Tuesday, November 17, 2009

Seaport Village Grand Opening and Mini Show is a Success!

November 6, 7th, & 8th we celebrated our annual miniature show and our official grand opening event at our 3rd and newest location, Seaport Village! Collectors started coming in as the show started on Friday evening to see our new location and the highly anticipated new "mini's" by Flohr, Asencio, Christopher M. and Steve Barton, just to name a few. We exhibited the largest body of Flohr and Asencio originals anywhere in the country. Guest were treated to live music, champagne and wine and a host of their favorite artists for them to meet and have conversations with. Collectors repeatedly commented on how beautiful the gallery looked and had an amazing evening (we had several of our collectors come two night's in a row)! The art was selling, converstion was flowing, and opinions of new releases were being shared. Based on the fact that several people stayed in the gallery past closing time, I'm guessing everyone was having a great time.


If you were one of our guest that weekend, thank you for making it a memorable Grand Opening. If you were unable to attend, sorry we missed you, however we look forward to having you drop by even if just to say Hello!

–Amando Cardenas
Gallery Director, Seaport Village Gallery


Thursday, September 10, 2009

Michael Flohr "Pure Jazz"



Michael Flohr rocked his show in June with a new body of Jazz inspired art.
"Pure Jazz" celebrates the music that has influenced art in so many ways.
Flohr introduced several new paintings based on favorite jazz clubs such as "The Blue Note" in New York and "Anthology" right here in San Diego! Many of the musicians are people that Michael Flohr has worked with personally like Dave Patrone a local jazz celebrity. The show at the EC Gallery at Fashion Valley was a virtual sell-out! Even in this economy collectors want to own a beautiful painting or fine art limited edition print that speaks to the better times of our lives.
The show its self was filled with visual and palatable pleasure from the servers dressed in 1940's cigarette girl costumes, to the musicians that performed each night, it was truly an art show to remember!

Wednesday, June 3, 2009

Royo Exhibition May 1st – May 3rd





“All the mistakes committed by great artists are due to their having separated themselves from truth, believing that their imagination is stronger....”
Joaquin Sorolla

Royo was in the gallery several minutes before the word got around. Strangely, he too seemed diminished by the monumental presence of the paintings, to the extent that few could entertain notice of much else. But as the hours drifted by it was oddly evident that Royo was not attending just another opening but really came to say good-by. Should you spend enough time with artists you will come to understand the process by which they individually separate themselves from the alternate universe of creation and the images they coax from it. The women in Royo’s life are perpetually part of it, but the vignettes of their ponderous days, suspended interminably in oil paint, are flung across the continents, floating gracefully into vast halls and grand dining rooms.

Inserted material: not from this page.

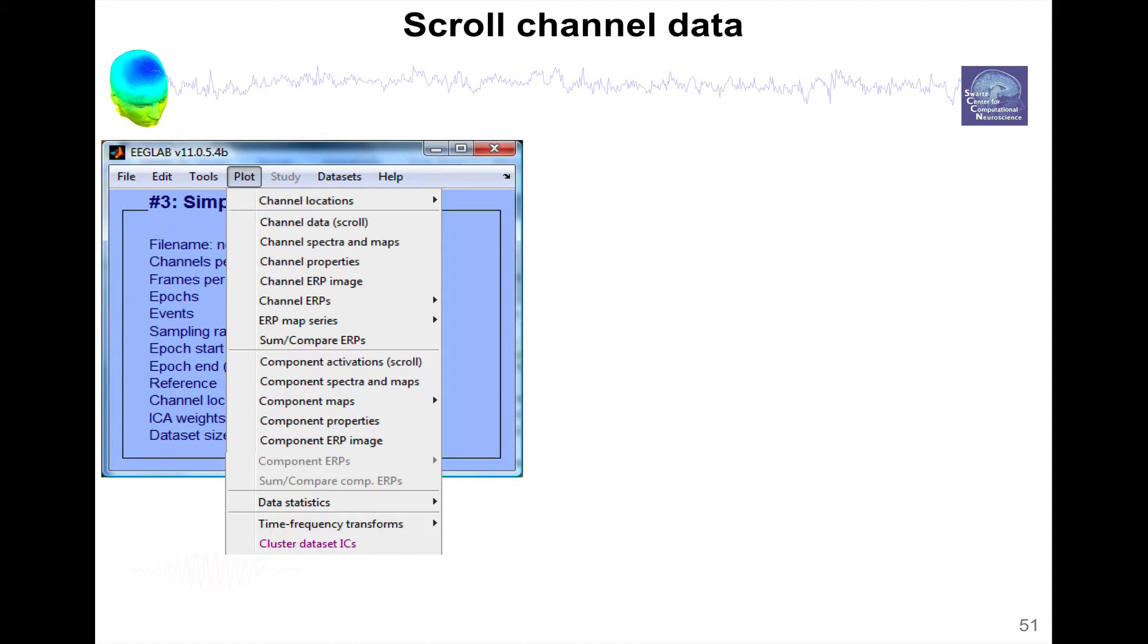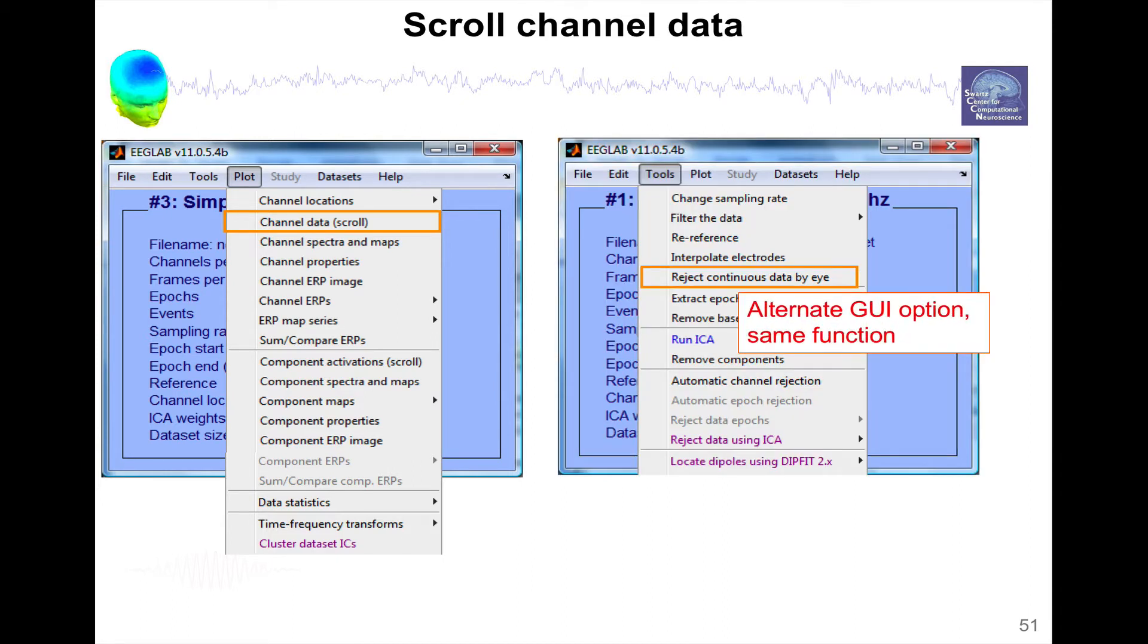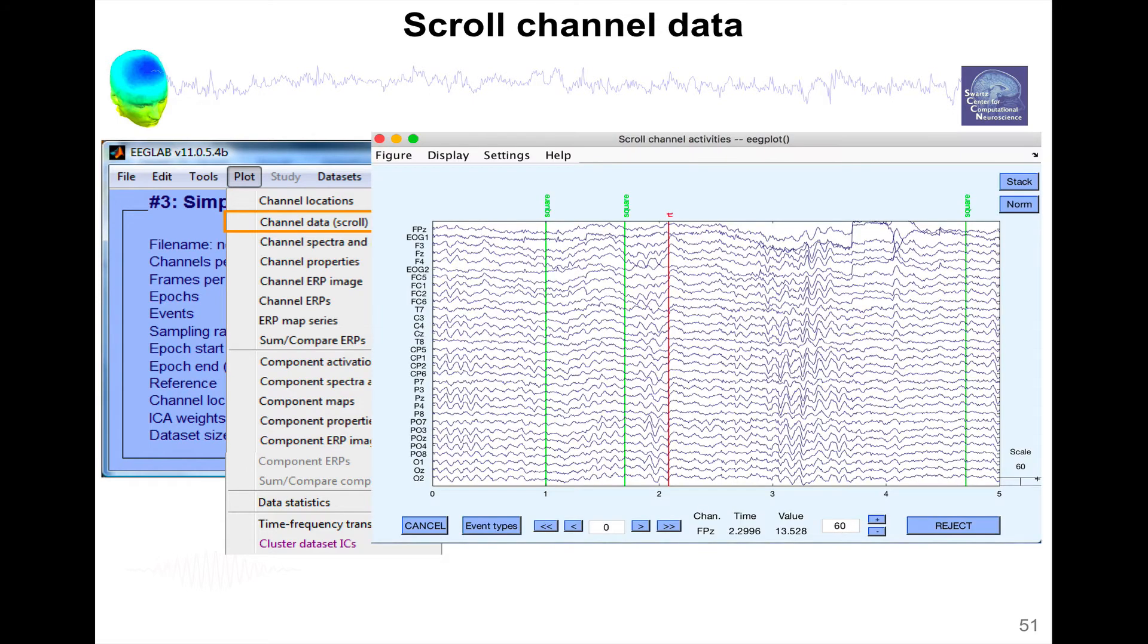There are two menus, there is this menu scroll data, and there is this other menu tools, reject data by eye. Both of the two menus actually have the same functions, you can do the same thing with both menus. And when you click on these menus, then you can see your data.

What collectors wonder most about Royo compositions are the detached gazes of the familiar women he adoringly courts. Conjecture about this is wide and varied. We are told a Royo painting isn’t about capturing beauty but more importantly the essence of it. But it occurs to me the dialog should instead be about introspective trance. Essence all the same but vastly more challenging to compose.

If, as Sorolla suggests, the “mistakes” committed by the masters is “believing that their imaginations are stronger…” than “truth” then it is reasonable to assume that Royo is flawless in his compositional precepts as he does not delineate his imagination but instead that of his subjects. What master Royo “imagines” is not in his painting, it is in his eyes and his conversations. What the women in Royo’s life “imagine” is what the artist promises to unravel. Pursuing this discovery as vehemently as collectors gazing out a living room window, anticipating the arrival of their acquisition.

The Royo show hosted at the EC Fashion Valley Gallery May 1st – 3rd was a virtual sell out. Little surprise. Shortly after the artist quietly returned to his Spanish villa and the introspective gaze of women he does not imagine.